Data under study START

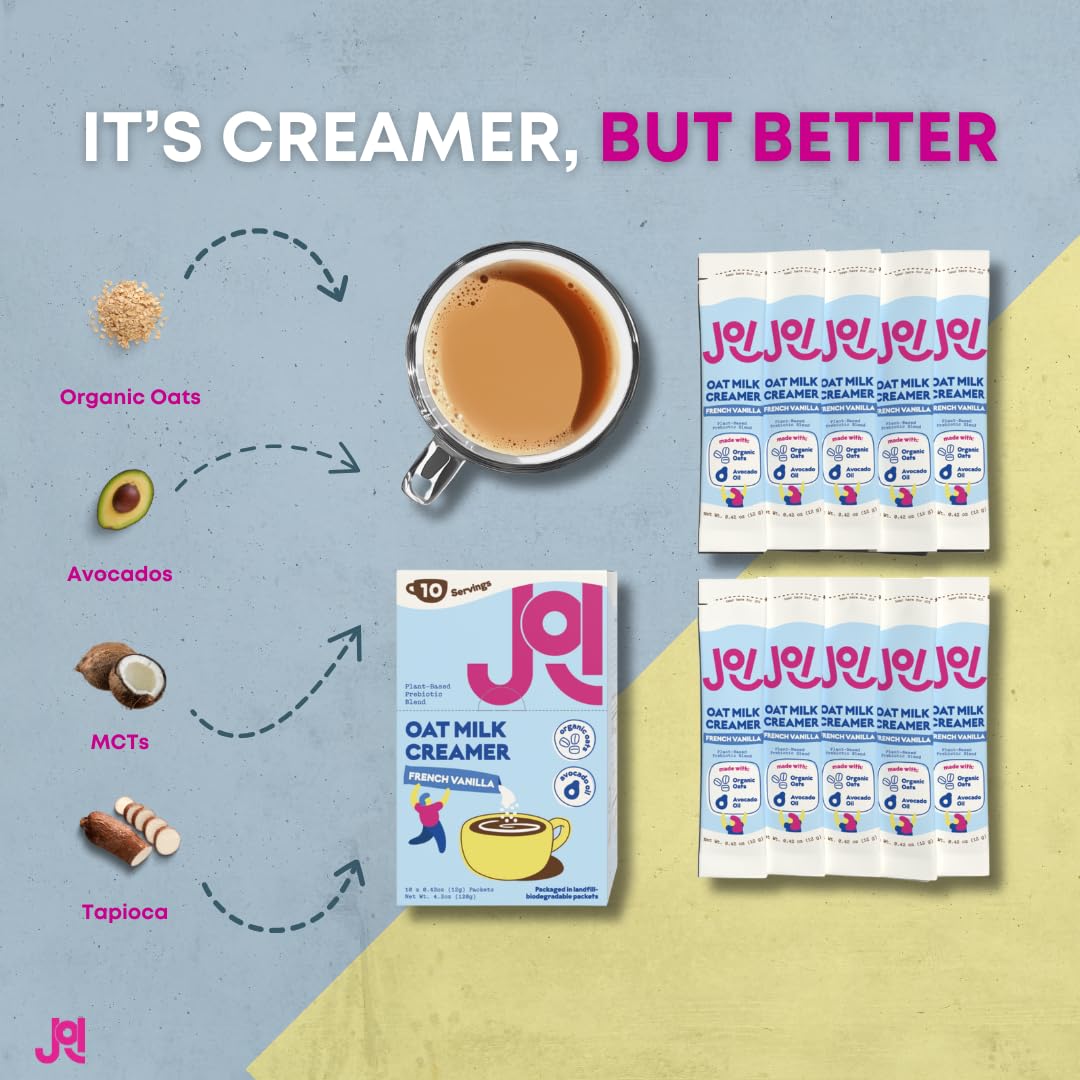 Shelf-stable JOI creamer sachets ready for pantry storage.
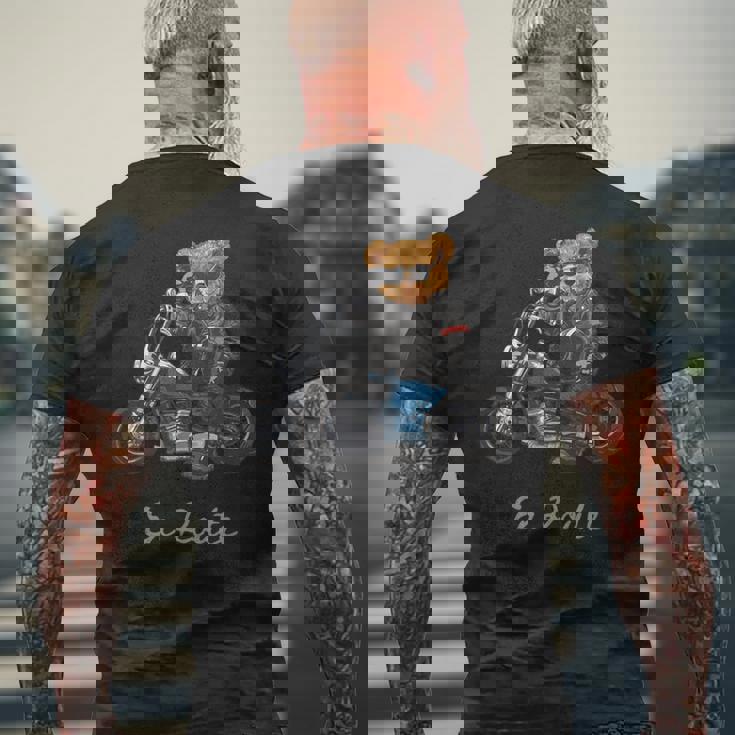 バイク クラシック オートバイ 熊 クルーザー メンズTシャツ バックプリント 高齢者への贈り物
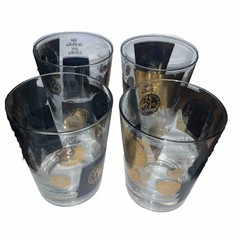 Mcm Libby Black Gold Coin Barware Whiskey Glasses (8) 22k Gold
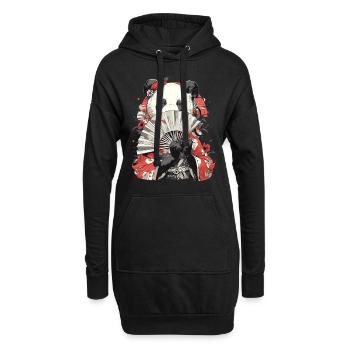Panda Ours Geisha Panda géant japonais - Sweat-shirt à capuche long Femme - noir - Devant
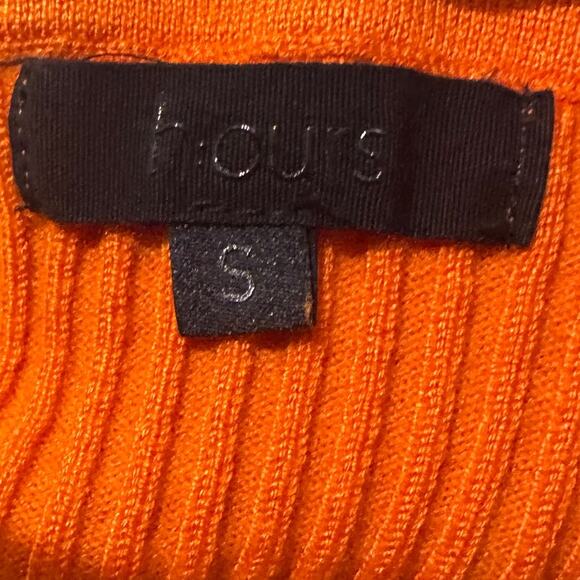 h:ours Victoria Strapless Ribbed Knit Bodycon Tube Mini Dress Orange Coquette, S - Picture 3 of 5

Data under study END

▶ **Your task**
The required output is every line from the beginning of the material above through the line with "Panda Ours Geisha", exact and without pictures.

▶ **Problem solution**
 Shelf-stable JOI creamer sachets ready for pantry storage.
 バイク クラシック オートバイ 熊 クルーザー メンズTシャツ バックプリント 高齢者への贈り物
 Mcm Libby Black Gold Coin Barware Whiskey Glasses (8) 22k Gold
Panda Ours Geisha Panda géant japonais - Sweat-shirt à capuche long Femme - noir - Devant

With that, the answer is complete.